• Task directions:
Would you please print the data a second time, exactly as it stands?

*** Opening Information shown ***

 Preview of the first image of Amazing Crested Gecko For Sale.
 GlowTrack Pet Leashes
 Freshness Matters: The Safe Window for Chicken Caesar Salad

*** Closing Information shown ***

• Response to this task:
 Preview of the first image of Amazing Crested Gecko For Sale.
 GlowTrack Pet Leashes
 Freshness Matters: The Safe Window for Chicken Caesar Salad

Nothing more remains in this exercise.